▸ **Data provided**

────────────────

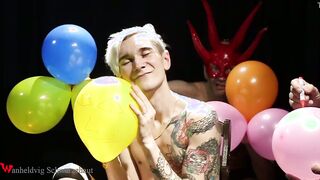 Watch this humiliated crossdresser humiliate himself in HD with a tattooed twink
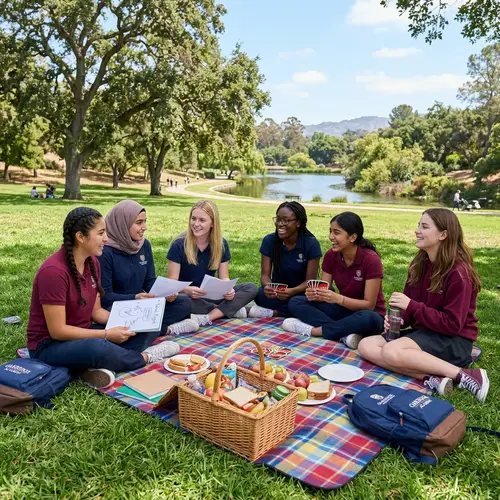 Diverse Female Students Enjoying Educational Picnic Outing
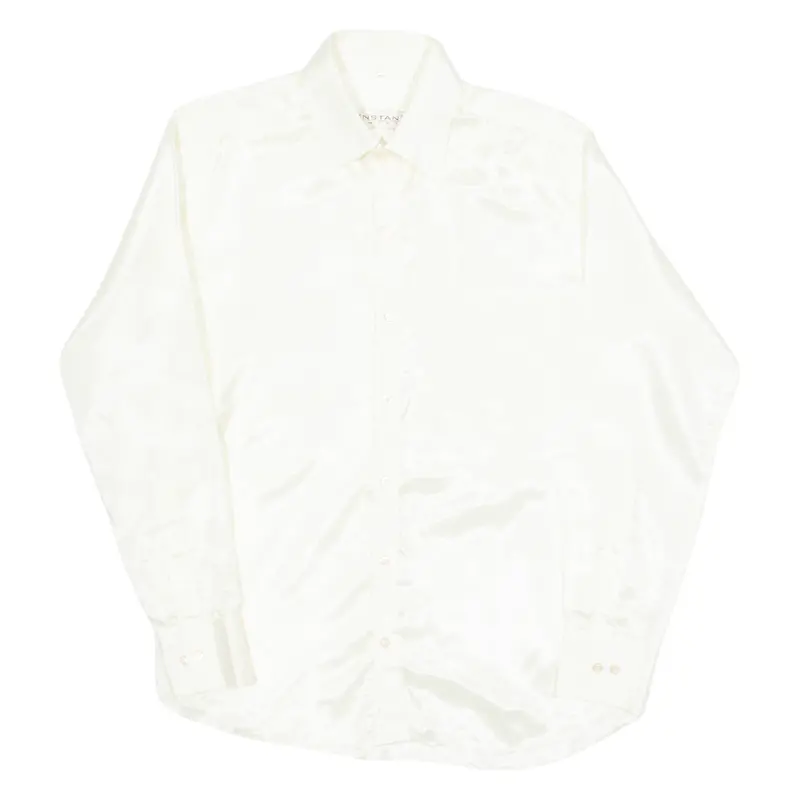 Instant Shirts Mens Plain Shirt Cream Faux Silk Long Sleeve M 1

────────────────

Your task is to repeat exactly the lines from the one containing "Diverse Female Students" through the end of the material, both included, and only those, without pictures.

▸ **Completed exercise**
 Diverse Female Students Enjoying Educational Picnic Outing
 Instant Shirts Mens Plain Shirt Cream Faux Silk Long Sleeve M 1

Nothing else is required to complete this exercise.